Guest Post by Jenna Sherman
Yesterday, at a local Lexington preschool, I spent the first hour of my Monday morning frantically changing in and out of costumes that were pulled from a blue, raggedy bag roughly the height of a small adult. In periodic blurs I transformed from a giant mole to a rocket ship to a firefly to finally an astronaut. This is a weekly, if not bi-weekly or sometimes even tri-weekly occurrence for me and my ten co-performers—with varying costumes each time, of course. The name of this quirky cohort is the Tufts Traveling Treasure Trunk, a children’s theater group by trade, but with a bit of everything else in between.
Contrary to popular belief this does not mean that we are a theater group comprised of children, though at times that definition is applicable, rather we are a theater group comprised of Tufts students who perform plays for kids in schools, daycares, and other places kids are likely to be. The plays we put on are written by one, or two, or a few, “trunkers,” as we call ourselves, and then staged, costumed, directed, and performed by all of TRUNK! (as we like to spell it) as a hilariously goofy and loving unit. Each semester we have two plays in our repertoire, carrying one over from the preceding semester; and interspersed between these plays, which last around 10 minutes, are segments (“segues”) as well as songs. These segues are short skits which contain base premises but which almost always involve improvisation that at times can have me laughing harder than the kids in the audience.
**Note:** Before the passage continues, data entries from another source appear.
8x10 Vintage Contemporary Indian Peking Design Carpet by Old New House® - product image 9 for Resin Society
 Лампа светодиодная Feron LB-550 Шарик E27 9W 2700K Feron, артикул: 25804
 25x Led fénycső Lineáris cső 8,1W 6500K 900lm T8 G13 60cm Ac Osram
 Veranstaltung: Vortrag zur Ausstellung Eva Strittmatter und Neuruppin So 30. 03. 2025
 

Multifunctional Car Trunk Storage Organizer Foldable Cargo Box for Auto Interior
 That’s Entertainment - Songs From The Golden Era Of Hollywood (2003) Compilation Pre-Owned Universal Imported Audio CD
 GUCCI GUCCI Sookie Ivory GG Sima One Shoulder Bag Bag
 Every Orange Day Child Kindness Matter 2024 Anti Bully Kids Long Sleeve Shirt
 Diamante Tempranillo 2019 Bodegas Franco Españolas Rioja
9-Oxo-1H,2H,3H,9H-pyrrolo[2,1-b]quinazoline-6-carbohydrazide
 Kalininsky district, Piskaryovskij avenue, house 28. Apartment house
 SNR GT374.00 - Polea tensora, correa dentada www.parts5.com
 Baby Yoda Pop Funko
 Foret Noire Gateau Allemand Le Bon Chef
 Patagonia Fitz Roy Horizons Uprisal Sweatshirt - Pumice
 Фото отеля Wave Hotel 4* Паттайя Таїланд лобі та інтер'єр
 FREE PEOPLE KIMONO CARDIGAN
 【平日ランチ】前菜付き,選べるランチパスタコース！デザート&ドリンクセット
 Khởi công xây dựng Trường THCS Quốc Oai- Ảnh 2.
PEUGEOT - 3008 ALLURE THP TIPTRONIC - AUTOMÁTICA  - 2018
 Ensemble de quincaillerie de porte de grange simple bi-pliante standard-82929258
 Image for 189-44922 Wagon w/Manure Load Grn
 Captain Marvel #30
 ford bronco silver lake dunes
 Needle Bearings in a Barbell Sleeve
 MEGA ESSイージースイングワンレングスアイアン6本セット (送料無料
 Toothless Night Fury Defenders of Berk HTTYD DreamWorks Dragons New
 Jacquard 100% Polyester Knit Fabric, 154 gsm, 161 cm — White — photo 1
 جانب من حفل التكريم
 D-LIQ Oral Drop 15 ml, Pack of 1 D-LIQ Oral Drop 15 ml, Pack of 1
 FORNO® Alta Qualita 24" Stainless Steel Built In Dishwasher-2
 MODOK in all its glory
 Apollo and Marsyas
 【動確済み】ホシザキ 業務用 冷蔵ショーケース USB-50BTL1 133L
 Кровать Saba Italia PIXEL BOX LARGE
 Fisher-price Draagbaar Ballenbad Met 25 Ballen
Though I was aware of this to some extent prior to joining Trunk, my main takeaway from every show, rehearsal, or other various form of a Trunk gather is that there is truly nothing more liberating than “acting like a kid,” by whatever definition that means to you. For me, it is losing all inhibitions, all hesitations. Whether it’s a noise, movement, or an idea, the opportunity to just put something out into the universe with no concern of correctness or scrutiny can yield boundless levels of creativity—especially in a group, but also individually. At least speaking for myself, it’s astonishing how much you can surprise yourself and exceed your own arbitrary expectations by simply diving into the unknown and rolling with it. And this opportunity is one that many of us do not have, or do not feel that we have, in college but also our entire lives besides, well childhood—where even then that freedom is not available to everyone.
And I feel that is what I find most inspiring about this group I’m in, comprised of incredible individuals who I continue to learn from daily, as well as all forums that encourage creativity among children: it shows kids that this sense of curiosity, imagination, weirdness, does not have to be lost with age. That those are not characteristics limited to a certain period of life. I feel this is vital as I continue to realize the extent to which I have been socialized to believe that—to conditionally think that emotion, vulnerability, and deviation from the norm is a sense of weakness rather than what it actually should be: empowerment.
Even still I often struggle to truly lose all fear of embarrassment and go out on limbs. It’s irrational fears that perhaps I am not being “the right type of creative” or not reaching a certain level of comedy. And I think a significant aspect of this is the fact that I’m not implementing this outside of Trunk in other areas of my life. At the end of the Monday show, a little girl came up to us and handed us a piece of paper with a scribbled rainbow and the word “happy” written on the outside. In retrospect I’m realizing how happy I was in that moment (that we got a drawing from a cute kid of course), but also that we were just goofing off and making up ideas on the spot and that it produced something not only enjoyable and meaningful for kids but also for ourselves and our own well-being. I want to hold myself accountable to do this more: to say yes to more, to take risks, to dive into discomfort and put myself out there—and especially to strive to be happy with whatever comes out of it.